Il tramonto definitivo di Wind Jet
Un copione già scritto, una rappresentazione già vista, quella andata in scena nel mese di agosto di due anni fa. La compagnia aerea Wind Jet, leader nei voli low cost da e per Catania aveva lasciato i propri passeggeri a terra, migliaia impossibilitati ad iniziare o completare il viaggio prenotato e pagato, lavoratori di terra e dell’aria in agitazione, e tutti contro tutti, vettori ed autorità aeree compresi, a darsi colpe e lanciarsi accuse. Non si contano più le compagnie aeree italiane che hanno abbandonato il campo in questo modo, lasciandosi dietro morti e feriti e sempre di più una convinzione: che in Italia non si possa fare trasporto aereo. Meno che meno ora, in un mercato stretto fra le low cost straniere ed i super-vettori arabi che dettano legge (vedi come ultimo la vicenda Alitalia – Etihad): le prime sul corto-medio raggio, i secondi sul lungo raggio.

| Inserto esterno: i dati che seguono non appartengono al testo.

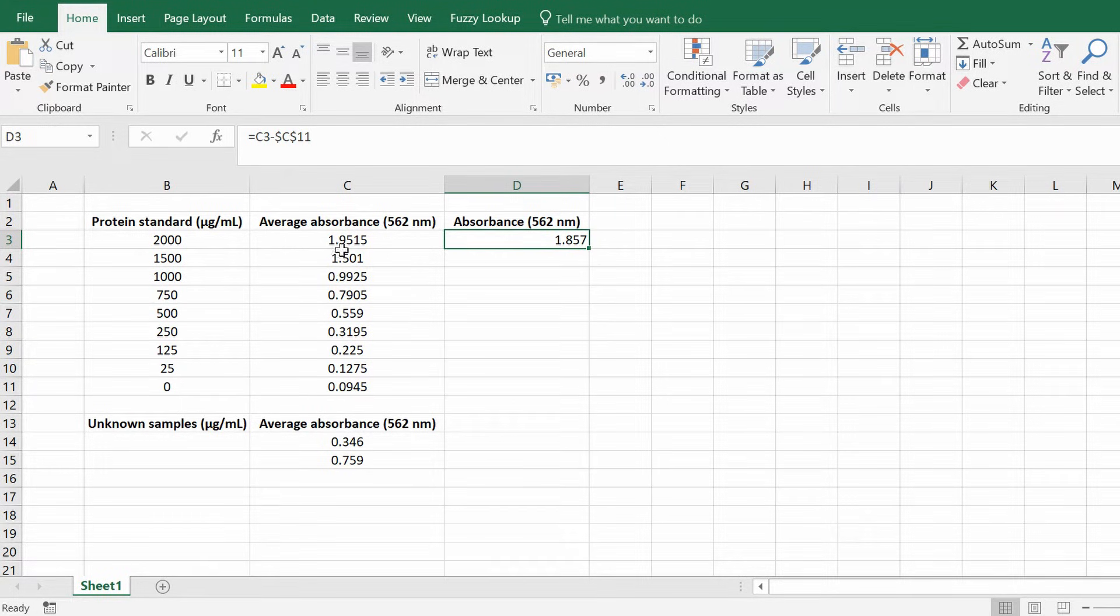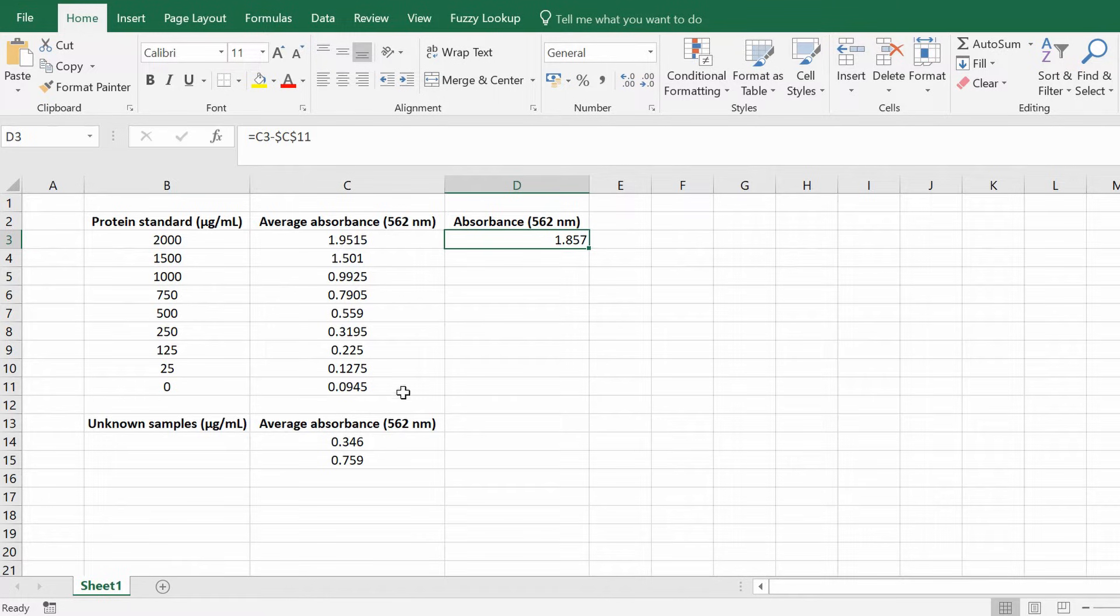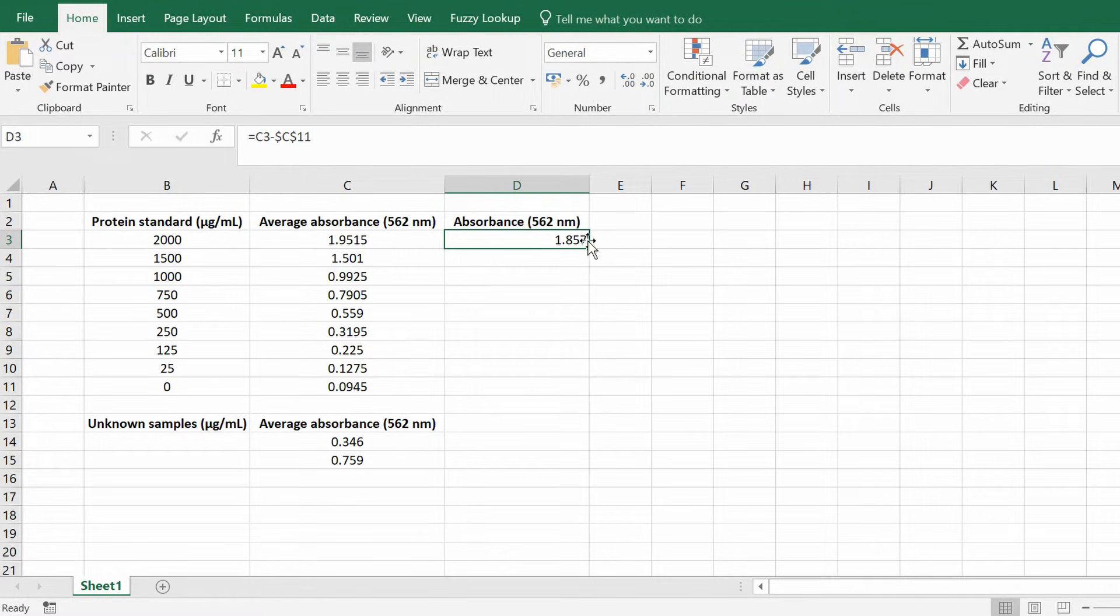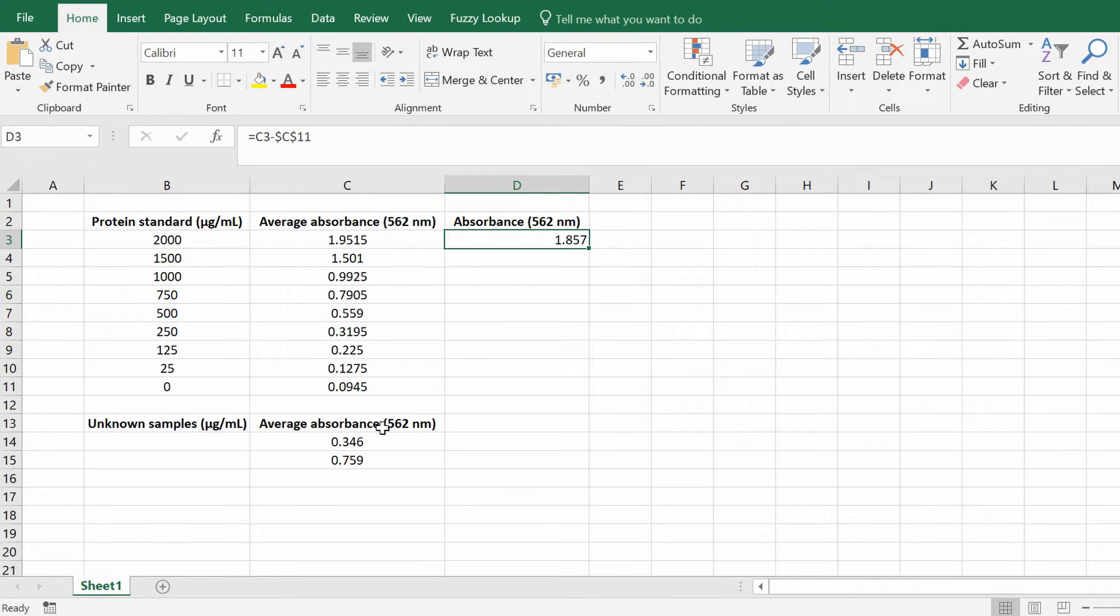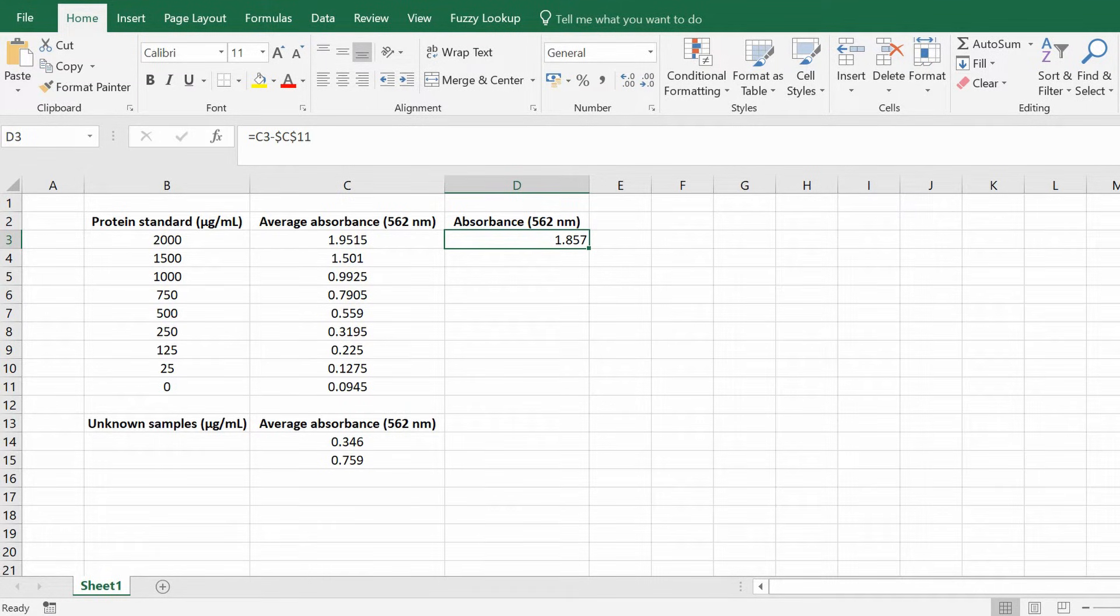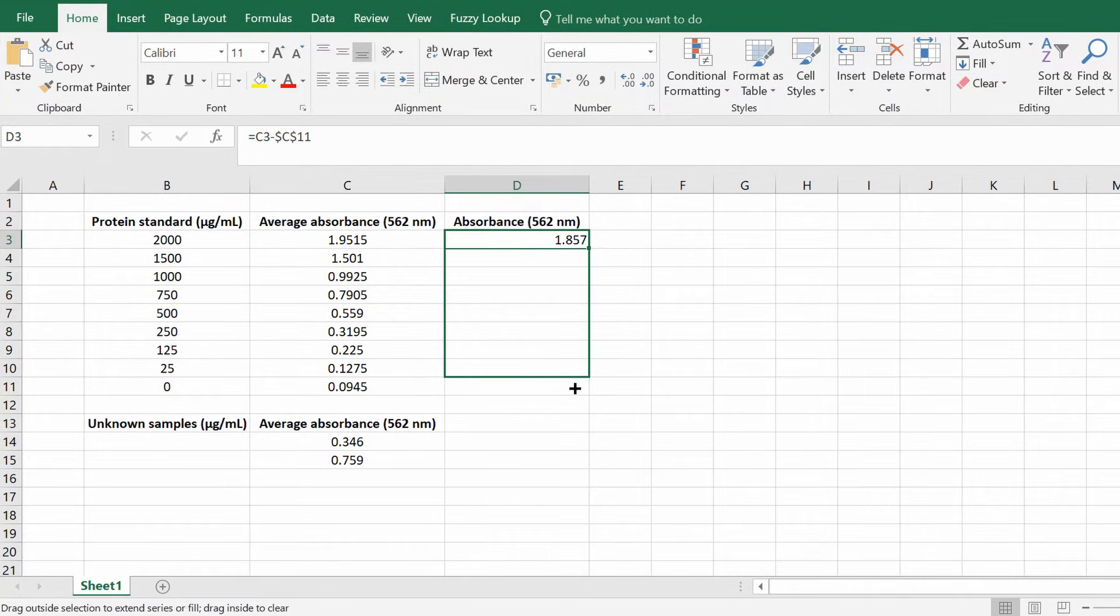So you'll notice now that the first standard has been background corrected. The reason why I said to insert these dollar signs is because what it'll do is we want to keep this cell constant. If you use Excel's drag function to drag the formula down, usually it'll incorporate a sequence so instead of being C11 it'll then be C12, C13, etc. But by inserting these dollar signs in the formula, we can keep this cell constant.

Eppure nel caso di Wind Jet le premesse sembravano diverse. Era stato firmato un contratto, a sua volta facente seguito ad un precedente memorandum d’intesa stipulato parallelamente anche con Blue Panorama, in base al quale le attività di trasporto passeggeri di linea della compagnia aerea siciliana sarebbero state integrate nel gruppo Alitalia. Sembrava essersi dunque conclusa positivamente la negoziazione dei progetto di re-integrazione fra Wind Jet e la compagnia di bandiera, ed avrebbe dovuto iniziare la fase propedeutica all’integrazione industriale. (vedi altre informazioni riguardo Wind Jet)
Invece non è successo nulla in tal senso, e fra accuse reciproche dei due vettori ed azioni tiepide da parte delle istituzioni, la compagnia catanese ha volontariamente messo in deposito gli aerei. i quali hanno subito preso la via dei lessor dai quali erano stati presi a noleggio, meno uno che è stato posto sotto sequestro su istanza dell’aeroporto di Catania, uno dei tanti creditori, prima che l’ENAC le revocasse il COA.
Partita nel 2003 con un’esposizione di 13 milioni di euro, Wind Jet ha finito per accumulare 140 milioni di debiti, di cui parecchi con gli aeroporti. primi fra tutti quelli di Catania e Rimini, e poi naturalmente con il sistema bancario. Solo due anni, il 2005 ed il 2008 sono stati chiusi in attivo, mentre i dipendenti sono cresciuti dai 33 dello start-up agli oltre 500 attuali (più circa 300 indotti), che adesso sono in cassa integrazione straordinaria. In attesa che si chiariscano le possibilità di andare verso una “newco” che rilevi gli assett di volo. Esattamente quello che sembrava voler fare Alitalia.
Secondo Wind Jet le condizioni poste da Alitalia per chiudere positivamente l’accordo erano state soddisfatte, Alitalia accusa invece la compagnia siciliana di non possedere in realtà gli slot esercitati e che avrebbero dovuto essere ceduti in osservanza alle richieste dell’Antitrust, cosa nota da anni e già emersa anche in ricorsi alla giustizia amministrativa e si preannunciano azioni legali, da una parte e dall’altra come sempre avviene in questi casi. Che i fatti sembrino dare ragione a chi aveva guardato fin dall’inizio all’operazione Alitalia-Wind Jet come una mossa per togliere una concorrente dalla scena (due con Blue Panorama, che però ad un certo punto si è defilata, nonostante si dica che non se la passi finanziariamente benissimo) è a questo punto marginale. Rimane il fatto che l’aerotrasporto italiano si ritrova a questo punto definitavamente sulla via del tramonto e con oltre 500 lavoratori lasciati a spasso.